Die Atomgespräche mit Iran sind in Wien ohne Einigung zu Ende gegangen, die Verhandlungsfrist wurde verlängert. Der iranische Präsident Ruhani sagte, am Ende des Verhandlungswegs werde ein „Abschlussabkommen“ stehen.

Wien - Die internationalen Mammut-Verhandlungen über das iranische Atomprogramm sind bis Mitte 2015 verlängert worden. Kurz vor Ablauf der selbst gesetzten Frist erklärten die Delegationen am Montag in Wien, eine Einigung sei nicht mehr rechtzeitig erreichbar. Der iranische Präsident Hassan Ruhani gab sich zuversichtlich, dass ein Durchbruch gelingen werde. US-Außenminister John Kerry sprach von „echten und wichtigen Fortschritten“.

 

Binnen vier Monaten, also bis März, soll nun ein politisches Abkommen ausgehandelt werden, sagte Kerry nach dem Abschluss der mehrtägigen Verhandlungen der Außenminister der fünf UN-Vetomächte (USA, China, Russland, Großbritannien und Frankreich) sowie Deutschlands mit dem iranischen Chefdiplomaten Mohammed Dschawad Sarif. Der dazugehörige Anhang mit sämtlichen Detailregelungen soll voraussichtlich bis zum 1. Juli 2015 stehen. Bis dahin bekommt der Iran weiterhin monatlich 700 Millionen Dollar (rund 560 Millionen Euro) aus seinen eingefrorenen Guthaben.

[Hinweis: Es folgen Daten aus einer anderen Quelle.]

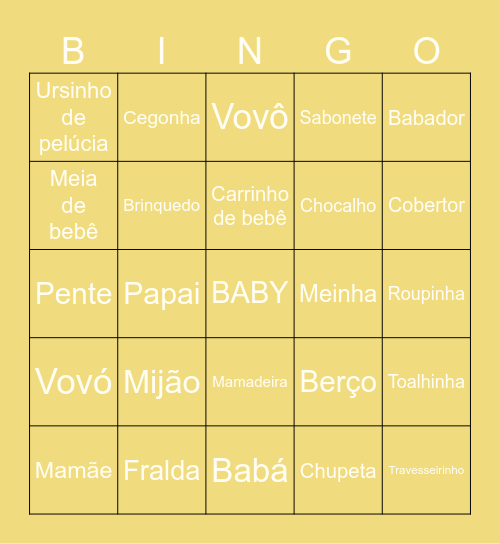 BABY BINGO Card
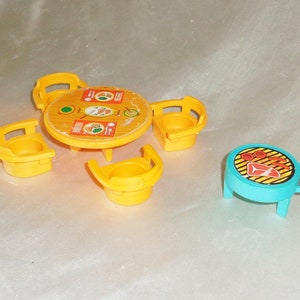 Vintage Fisher Price Little People Picnic Table, 4 Chairs & Grill
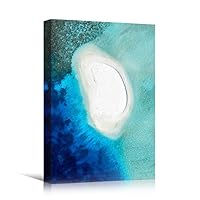Canvas Wall Art Lone Island Beach Beach Blue Coastal Cool Photography Relax/Calm - 12x18 inches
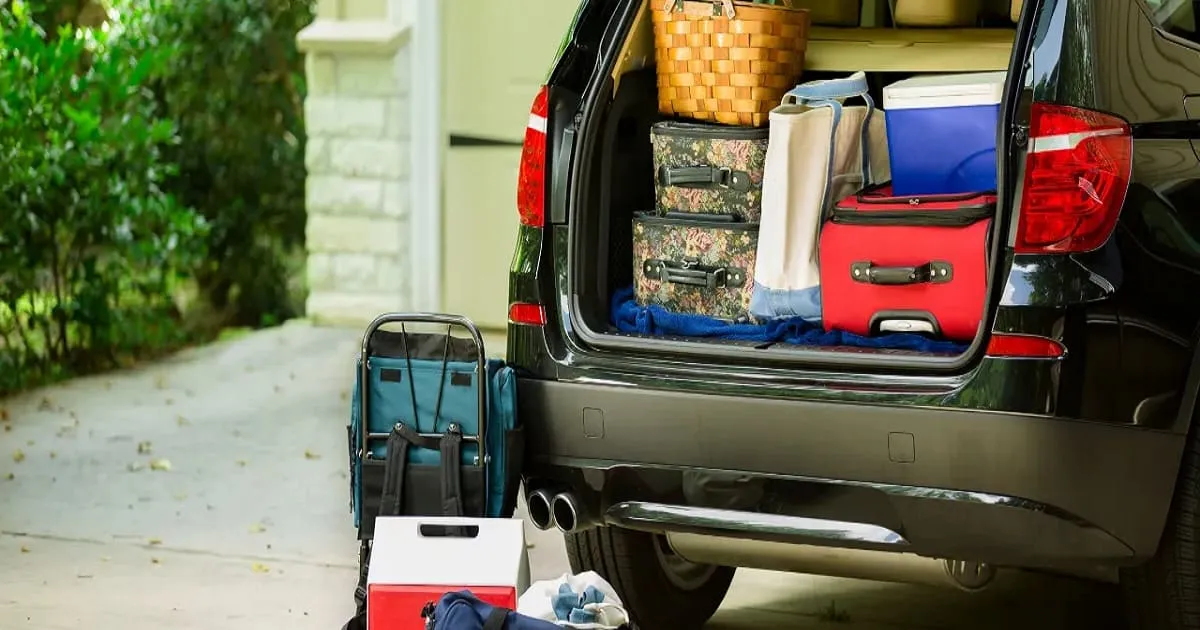 Car packed ready Morocco road trip adventure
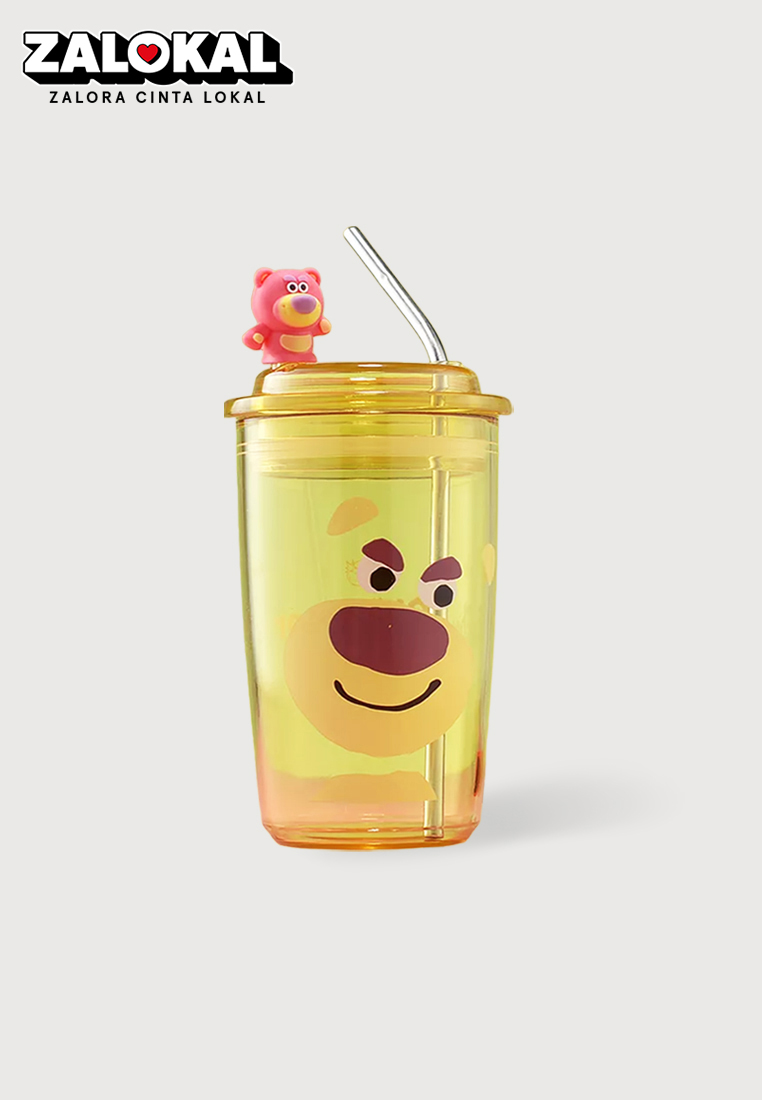 Wakakids Gelas Minum Plastik Transparan Botol Aesthetic Karakter dengan Sedotan Free Sticker 400ml K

„Wir wären dumm gewesen, wenn wir aufgegeben hätten“, sagte Kerry mit Blick auf den Aufschub. Er forderte die internationale Gemeinschaft und den US-Kongress auf, die weiteren Verhandlungen zu unterstützen. Der iranische Präsident sieht „die meisten Hindernisse ausgeräumt“. Im Staatsfernsehen sagte Ruhani am Abend, am Ende des Verhandlungswegs werde ein „Abschlussabkommen“ stehen.

Steinmeier: grundsätzlich Chance auf Einigung

Die beiden größten Streitpunkte bleiben die Urananreicherung und die westlichen Strafmaßnahmen gegen Teheran. Grundlage der weiteren Verhandlungen bleibt nun das Genfer Interimsabkommen vom 24. November 2013. Es sollte ursprünglich schon am 20. Juli 2014 zum Abschluss geführt werden. Aufgrund hartnäckiger Differenzen einigten sich beide Seiten damals aber, die Gespräche um vier Monate zu verlängern.

Nach der abermaligen Fristverlängerung stehen nun vorerst wieder Expertengespräche unterhalb der Ministerebene an. Die „neuen Ideen“ auf dem Tisch müssten einer „sehr, sehr präzisen, technischen Prüfung“ unterzogen werden, sagte der französische Außenminister Laurent Fabius in Wien.

„Trotz sehr konstruktiver Verhandlungsatmosphäre sind wir leider nicht so weit gekommen, wie ich mir das gewünscht hätte“, sagte Bundesaußenminister Frank-Walter Steinmeier (SPD). Die nächsten Gespräche dürften jetzt „nicht uferlos“ ausfallen und „allenfalls einige wenige Monate“ in Anspruch nehmen. Dennoch resümierte Steinmeier: „Keiner ist hier heute deprimiert aus den Verhandlungen gegangen.“ Die Chance auf eine Einigung bleibe „grundsätzlich bestehen“.

Netanjahu: „Keine Einigung ist besser als eine schlechte“

Ein dauerhaftes Abkommen soll die Rücknahme der Sanktionen gegen den wirtschaftlich schwer angeschlagenen Iran ermöglichen und ihm die friedliche Nutzung der Atomtechnologie erlauben – zugleich aber verhindern, dass die Islamische Republik in kurzer Zeit Atomwaffen entwickelt. Das nun vorerst weiter geltende Interimsabkommen sieht im Gegenzug für eine teilweise Lockerung der Handels- und Finanzsanktionen das Einfrieren des iranischen Atomprogramms und verschärfte Kontrollen vor.

Der israelische Ministerpräsident Benjamin Netanjahu begrüßte, dass zum jetzigen Verhandlungsstand kein internationales Abkommen vereinbart wurde. „Keine Einigung ist besser als eine schlechte. Das Abkommen, auf das der Iran drängte, war fürchterlich“, sagte er dem britischen Sender BBC.

US-Präsident Barack Obama hatte dagegen noch am Sonntag für eine Einigung geworben. Diese könne einen Prozess in Gang setzen, durch den „sich nicht nur die Beziehung zwischen dem Iran und uns zu verändern beginnt, sondern auch die Beziehung zwischen dem Iran und der Welt und der Region“, sagte er im US-Fernsehen.